Social media can misinform political opinions

Political views need to be taken in from more diverse pools than just those available in social media feeds



Limiting ourselves to only the views of those closest to us restricts our ability to converse on politics. The ideas we hold true are only further reinforced by their repetition by peers. Politics should be viewed objectively and with an open mind to criticism.

BRUCE MULMAT, Evergreen columnist

Social media is an important part of our society. It allows us to stay connected with our friends across the world, but also is a way to stay up to date with current events.

Many on social media share various posts or articles to attack opponents of their viewpoints in a vain attempt to change the other side’s mind. At the same time, people have decried these political posts as slacktivism, defined as support of a topic while putting in minimal effort, or aiding in the spread of fake news.

Social media affects the way we think about politics, so it is important to understand its impact.

Professor Travis Ridout of the school of politics, philosophy, and public affairs said something shared on social media with friends that might be political may be even more influential than if it’s coming from another source.

“We trust our friends. Often times our friends share similar circumstances and some are more likely to believe they have our interests in mind,” Ridout said.

Trust is critical for any reader. If people do not trust where information comes from, it is harder to believe what an article says. Yet it can limit us as well, potentially closing us off to other viewpoints.

“We have a tendency to get into our partisan echo-chamber online, … reinforcing what [we] already believe in and thus not be exposed to new information or debate,” Ridout said.

In the end, it is up to you if you want to have more diverse, informed viewpoints of political discussions.
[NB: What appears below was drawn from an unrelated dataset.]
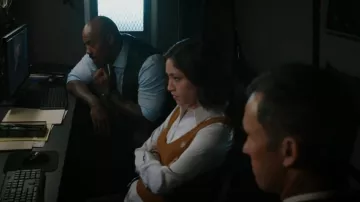 Madewell Floral bordado V-Neck Sweater Tank usado por la detective Violet Yee (Connie Saltzman) como se ve en Law & Order (S22E10)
It’s as easy as following both Fox News and CNN, then comparing and contrasting the stories they write.

However, these news sites and others have been blamed by various parties for being inaccurate, overly biased or even completely false.

Both CNN and Fox News have been accused of spreading false information designed to make their audience vote either for candidates on the left or right sides of the political spectrum. Yet there is no proof of social media affecting political participation in the U.S.

“Nothing definitive,” Professor Ridout said. “[But] there are some who suggest that we get engaged online and that helps [us] get engaged offline.”

It can go both ways, promoting slacktivism and actually informing voters on the democratic process. Again, the responsibility of political participation or even dealing with false information is on the voter.

Social media is not to blame for perceived failings in our democratic system. It is up to us as voters to properly do our research and make sure we decide what’s best for each of us.

We shouldn’t try to blame social media entirely for how people place their vote. Instead, each of us should focus on being more educated on issues that affect all of us when we vote. It’s up to all of us to do the research rather than relying on what we see on Facebook.

Plato said, “the punishment which the wise suffer who refuse to take part in the government, is to live under the government of worse men.”

Educating yourself before voting is the most important part of the democratic process, and more likely than not you will receive some information from social media.

If you do this, make sure to view what the other side says so you can go into the political world knowing the full picture.